Mercato italiano (primo trimestre 2011)
In tutto questo, l’andamento del primo trimestre di quest’anno, ha decisamente deluso le aspettative disattendendo il segno positivo anche a fronte del tasso di crescita dell’economia italiana ma in linea con l’andamento dei principali indicatori, che vedono, secondo dati Istat, i consumi e la spesa corrente della Pubblica amministrazione fermi, rispettivamente allo 0,7% e allo 0,1, con investimenti fissi lordi in crescita di solo un punto e mezzo percentuale. «Non stupisce allora un decremento dell’informatica dell’1,3%».

A crescere dello 0,4% è solo la parte software in cui la componente middleware si conferma la più dinamica «in supporto com’è a iniziative di datacenter trasformation e implementazione di architetture cloud, che cominciano sì ad avere una loro consistenza – ammonisce Capitani -, ma anche a erodere terreno alle componenti tradizionali». Come nel primo trimestre del 2010, la parte hardware decresce (-2,1%) evidenziando livelli di vendite superiori al milione di pezzi per tutto il 2011 ma solo per i tablet pc.
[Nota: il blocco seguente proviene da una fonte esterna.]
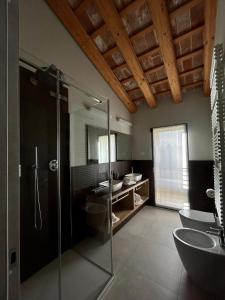 a bathroom with a glass shower and a sink at Ida Boutique Hotel in Casa Marcolin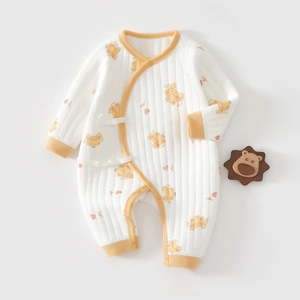 Detail of newborn cotton quilted romper featuring yellow trim and cute angel bear prints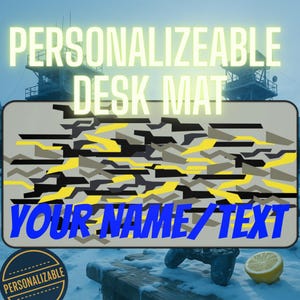 May include: A rectangular desk mat with a camouflage pattern in black, yellow, and gray. The words "PERSONALIZABLE DESK MAT" are at the top, and "YOUR NAME/TEXT" is at the bottom. A circular "PERSONALIZABLE" badge is in the lower left.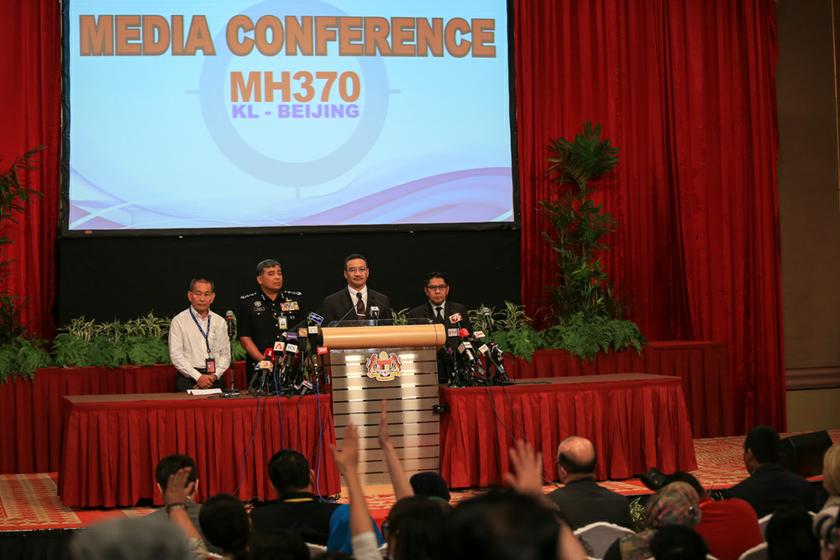 Acting Transport Minister Datuk Seri Hishammuddin Tun Hussein (second right) holds the daily MH370 press conference at PWTC, on March 25, 2014. u00e2u20acu201d Picture by Saw Siow Feng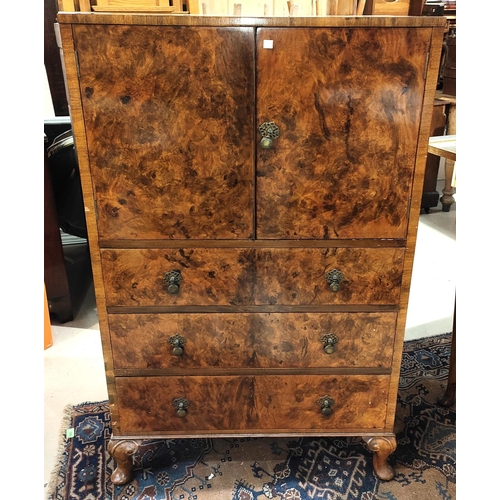 950 - A 1930's figured walnut 3 piece bedroom suite comprising tallboy, kidney shaped dressing table and s... 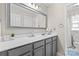 Bathroom featuring a large mirror, gray vanity, and modern fixtures at 512 Red Oak Ct, Tega Cay, SC 29708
«Qui non sarà la componente consumer la più dinamica, quanto quella business, ossia le imprese che cominciano a fare un uso professionale di questo genere si strumenti implementandolo presso la propria forza vendita». Sulla stessa scia, estremamente peggiorativo, rispetto al medesimo periodo dell’esercizio 2010, il 1° Q 2011 evidenzia un -4,2% sul quale pesano gli investimenti nelle infrastrutture a cui si contrappone una crescita di device innovativi che, nei primi tre mesi di quest’anno, hanno riportato una crescita brillante.